RE: [vhdl-200x-ft] Re: [vhdl-200x] IP Protection and Encryption Donation

From: Deepak Pant <dpant@cadence.com>
Date: Mon May 31 2004 - 11:34:14 PDT

Here is some more information from various sources on sixel/ uuencode/ base64

encoding. BASE64 seems to be a better option. On the other hand, it may make

sense to add an encoding_method pragma keyword.

 

Comparison:

==========

 

Range of printable characters

-----------------------------

UUENCODE: 0x20-0x5F

BASE64: 0x2B,0x2F,0x3D,0x30-0x39,0x41-0x5A,0x61-0x7A

SIXEL: 0x3F-0X7E

 

Problem in translating from ASCII to EBCDIC

-------------------------------------------

UUENCODE: YES

BASE64: NO <----------------- NOTE

SIXEL: YES

 

Max length of line in output

----------------------------

UUENCODE: 60

BASE64: 76

SIXEL: ??

 

 

 

BASE64 uses character set which can be represented identically in all versions

of ISO 646, including US ASCII, and all characters in the subset are also

represented identically in all versions of EBCDIC. This is not true for

Uuencode and SIXEL as not all ASCII symbols have a corresponding EBCDIC symbol.

 

 

Mimencode (BASE64) is intended to be a replacement for uuencode for mail and

news use. The reason is simple: uuencode doesn't work very well in a number of

 circumstances and ways. In particular, uuencode uses characters that

don't translate well across all mail gateways (particularly ASCII <-> EBCDIC

gateways). Also, uuencode is not standard -- there are several variants

floating around, encoding and decoding things in different and incompatible

ways, with no "standard" on which to base an implementation.

 

 

 

Encoding techniques: UUENCODE / BASE64 / SIXEL

==============================================

 

UUENCODE

--------

Uuencode started out as Unix program for encoding binary data as ASCII. It was

originally designed for UNIX systems, and the name stands for "UNIX-to-UNIX

encode". Nowadays the versions of Uuencode and Uudecode programs exist for

almost all operating systems. Uuencode is used for sending binary files by

e-mail and posting to usenet etc.

 

Uuencoded data starts with a line of the form:

begin <mode> <decode_pathname>

 

<mode> is the permission modes of source-file

<decode_pathname> is the name to be used when recreating the binary data

 

Uuencode repeatedly takes in a group of three bytes, adding trailing zeros if

there are less than three bytes left. These 24 bits are split into four groups

of six which are treated as numbers between 0 and 63. Decimal 32 is added to

each number and they are ouput as ASCII characters which will lie in the range

32 (space) to 32+63 = 95 (underscore). ASCII characters greater than 95 may also

 be used; however, only the six right-most bits are relevant.

 

Each group of sixty output characters (corresponding to 45 input bytes) is

output as a separate line preceded by an 'M' (ASCII code 77 = 32+45). At the end

 of the input, if there are N output characters left after the last group of

sixty and N>0 then they will be preceded by the character whose code is 32+N.
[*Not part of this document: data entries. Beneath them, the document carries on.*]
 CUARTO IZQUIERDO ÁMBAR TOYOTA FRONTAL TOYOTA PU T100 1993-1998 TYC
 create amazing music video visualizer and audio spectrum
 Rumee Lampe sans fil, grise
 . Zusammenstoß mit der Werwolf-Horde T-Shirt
Finally, a line containing just a single space is output, followed by one

containing just "end".

 

Despite using this limited range of characters, there are still some problems

encountered when uuencoded data passes through certain old computers. The worst

offenders are computers using non-ASCII character sets such as EBCDIC.

 

Example,

 

Let us assume we have 3 bytes of input: 155, 162 and 233.
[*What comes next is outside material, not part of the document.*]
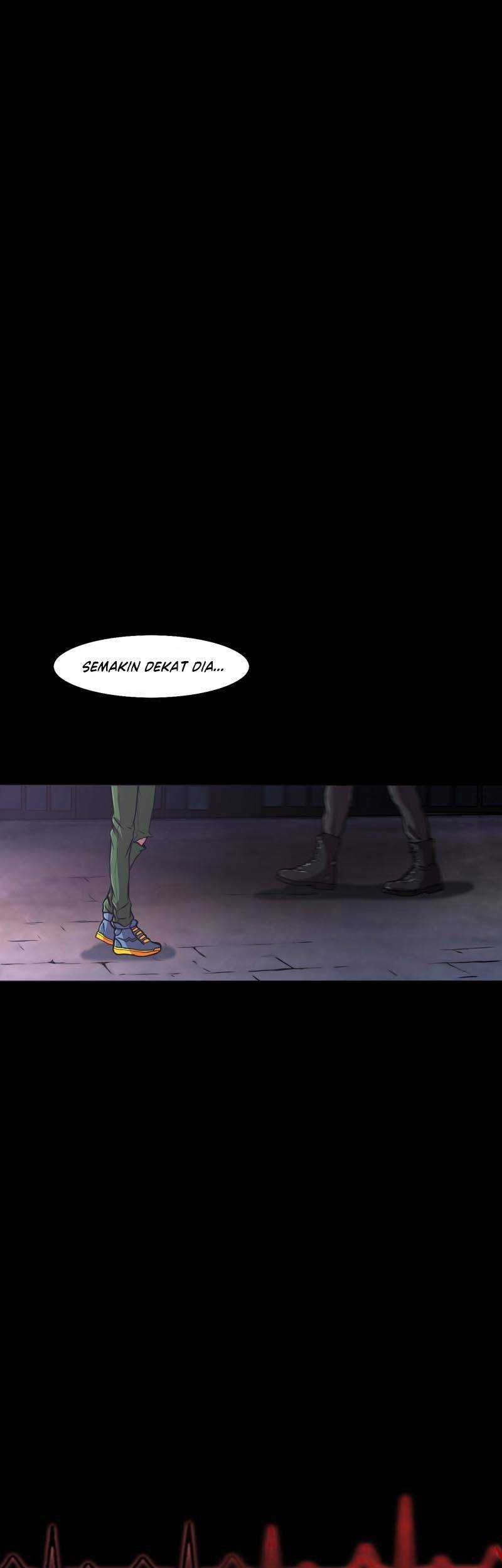 Darkness and Death Chapter 5 - halaman 31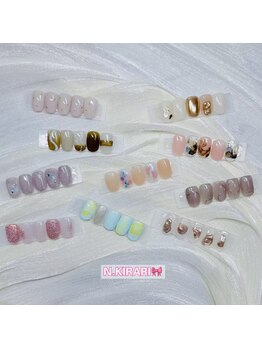 エヌドットキラリ(N.KIRARI)/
The corresponding bit stream is 100110111010001011101001, which in turn

corresponds to the 6-bit values: 100110(38), 111010(58), 001011(11), 101001(41).

 

Now we add decimal 32 to these 6-bit chunks:

1000110(38+32=70), 1011010(58+32=90), 101011(11+32=43), 1001001(41+32=73)

 

We lookup these numbers in ASCII table and get:

70 = F

90 = Z

43 = +

73 = I

 

FZ+I is 4 bytes long, plus 32 makes 36 which translates to '$'. So full line of

uuencoded data is $FZ+I. Overall, uuencoded data will look like

 

begin 664 /tmp/tempfile

$FZ+I

 

end

 

It should be noted that uuencoded utility on Unix has a different method for

converting 3 bytes of input data into 4 six-bits chunk. For more details, please

refer to man page of uuencode.

 

-------------------------------------------------------------------------------

 

BASE64

------

base64 is a data encoding scheme whereby binary-encoded data is converted to

printable ASCII characters. It is defined as a MIME content transfer encoding

for use in Internet e-mail. The only characters used are the upper- and

lower-case Roman alphabet characters (A-Z, a-z), the numerals (0-9), and the "+"
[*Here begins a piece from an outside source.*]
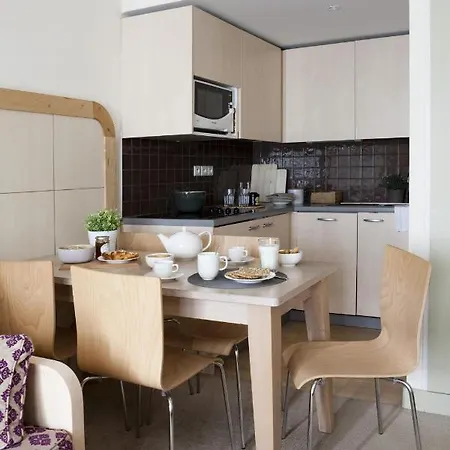 La Foret 2p 4/5p South Appartement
 and "/" symbols, with the "=" symbol as a special suffix code.

 

Full specifications for base64 are contained in RFC 1421 and RFC 2045.

 

A 65-character subset of US-ASCII is used, enabling 6 bits to be represented

per printable character. (The extra 65th character, "=", is used to signify a

special processing function.)

 

      NOTE: This subset has the important property that it is

      represented identically in all versions of ISO 646, including US

      ASCII, and all characters in the subset are also represented

      identically in all versions of EBCDIC. Other popular encodings,

      such as the encoding used by the uuencode utility and the base85

      encoding specified as part of Level 2 PostScript, do not share

      these properties, and thus do not fulfill the portability

      requirements a binary transport encoding for mail must meet.

 

 

Base64 encoding takes three bytes, each consisting of eight bits, and represents

them as four printable characters in the ASCII standard. It does that in

essentially two steps.

 

The first step is to convert three bytes to four numbers of six bits.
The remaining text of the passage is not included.